# Record extracts
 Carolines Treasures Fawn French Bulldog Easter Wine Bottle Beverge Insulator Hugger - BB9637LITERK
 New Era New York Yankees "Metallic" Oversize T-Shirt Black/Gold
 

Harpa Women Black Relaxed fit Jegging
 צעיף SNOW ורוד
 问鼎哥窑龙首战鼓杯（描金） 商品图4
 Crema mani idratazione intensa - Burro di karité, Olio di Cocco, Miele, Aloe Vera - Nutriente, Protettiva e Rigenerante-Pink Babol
--
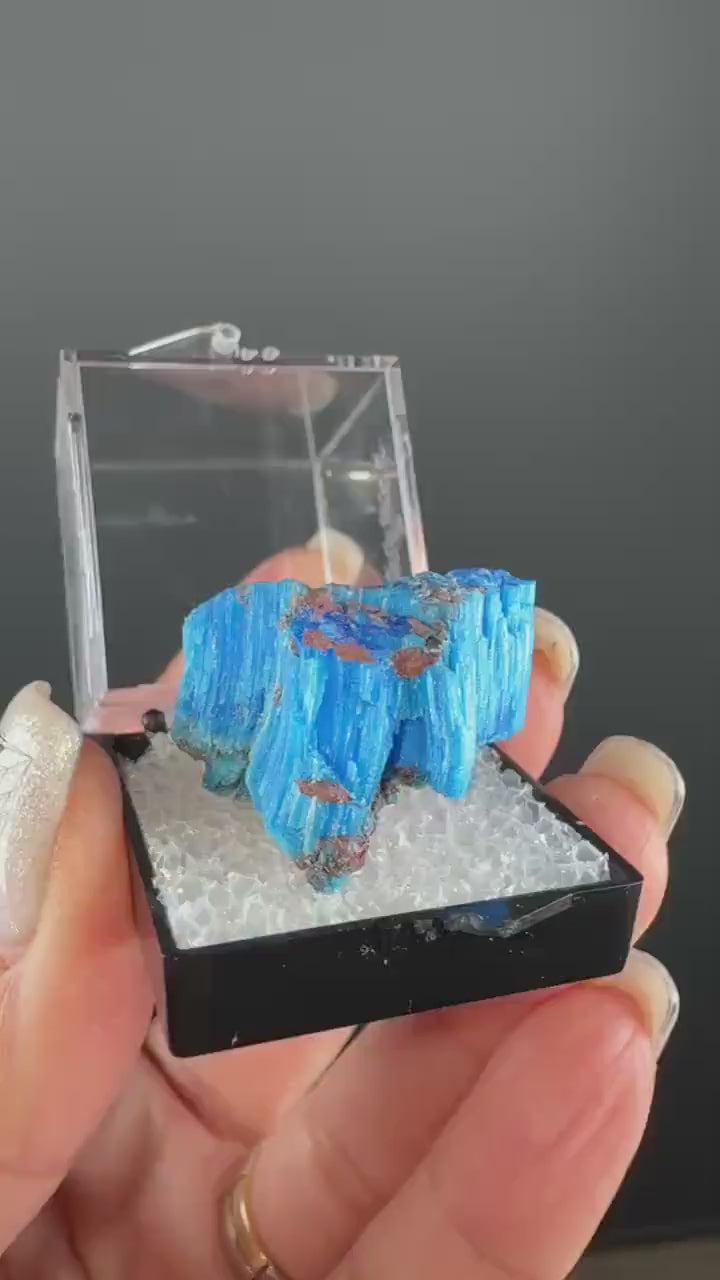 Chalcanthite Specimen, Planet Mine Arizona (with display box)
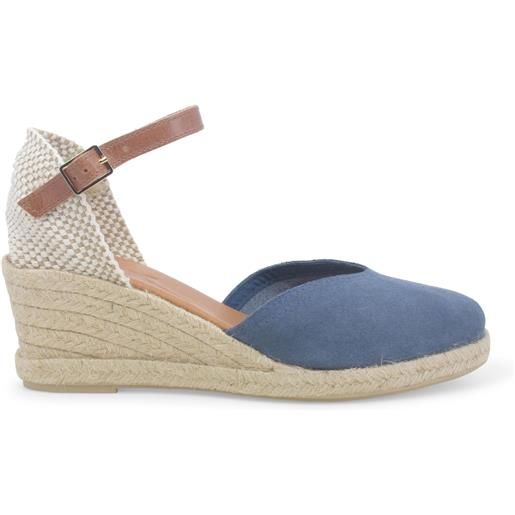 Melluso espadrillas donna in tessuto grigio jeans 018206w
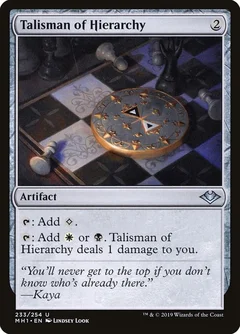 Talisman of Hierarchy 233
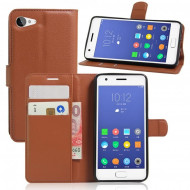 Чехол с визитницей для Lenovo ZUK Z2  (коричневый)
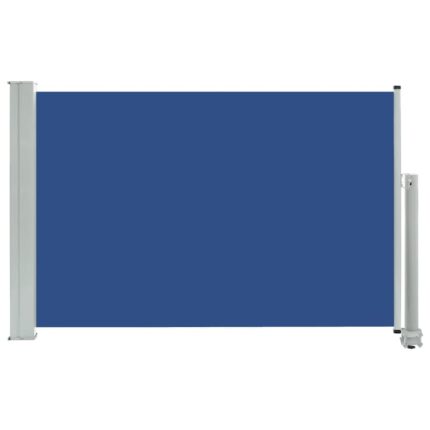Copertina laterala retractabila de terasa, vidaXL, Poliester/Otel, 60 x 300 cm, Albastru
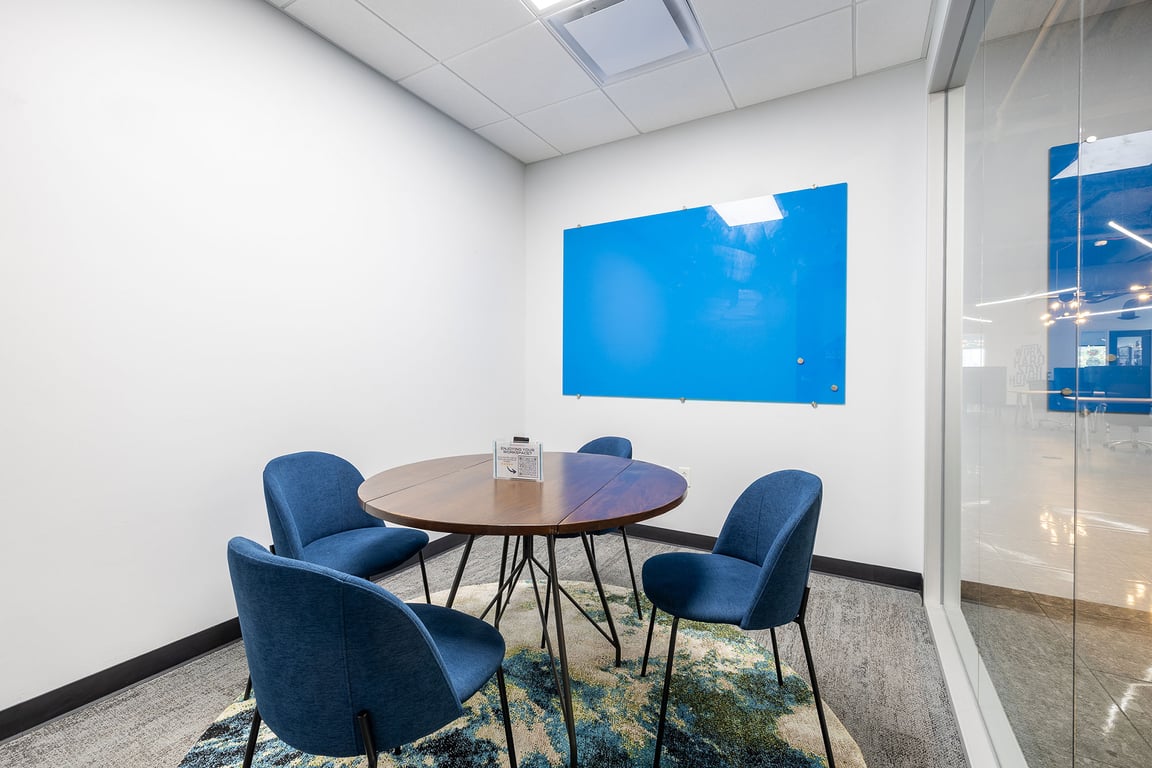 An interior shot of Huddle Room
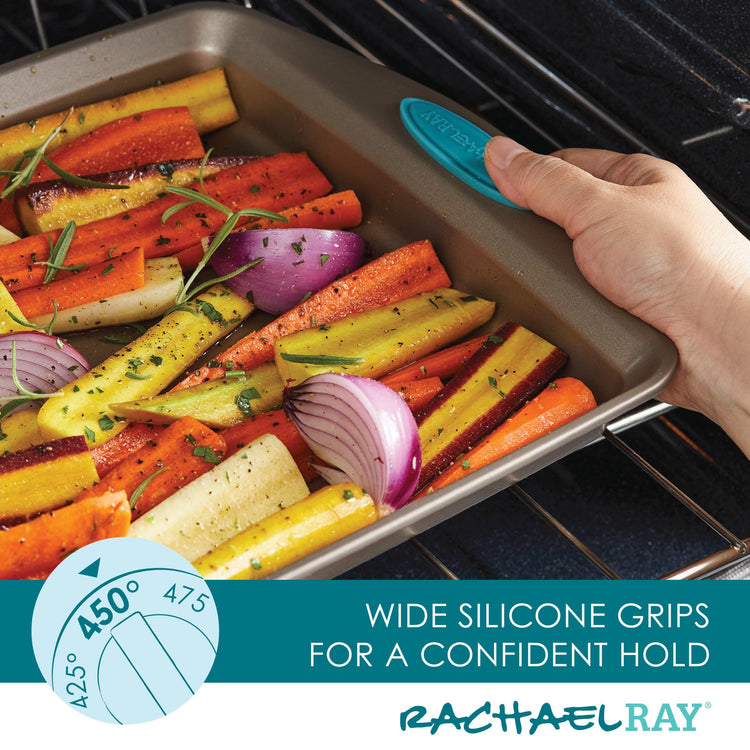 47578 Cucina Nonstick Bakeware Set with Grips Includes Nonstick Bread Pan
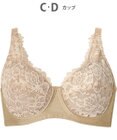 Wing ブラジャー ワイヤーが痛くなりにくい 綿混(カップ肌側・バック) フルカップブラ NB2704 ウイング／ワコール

# Task directions
Could you restate word for word the lines above from the one containing "问鼎哥窑龙首战鼓杯（描金） 商品图4" through the one containing "Crema mani idratazione", both included, and nothing else?

# Solution to the problem
 问鼎哥窑龙首战鼓杯（描金） 商品图4
 Crema mani idratazione intensa - Burro di karité, Olio di Cocco, Miele, Aloe Vera - Nutriente, Protettiva e Rigenerante-Pink Babol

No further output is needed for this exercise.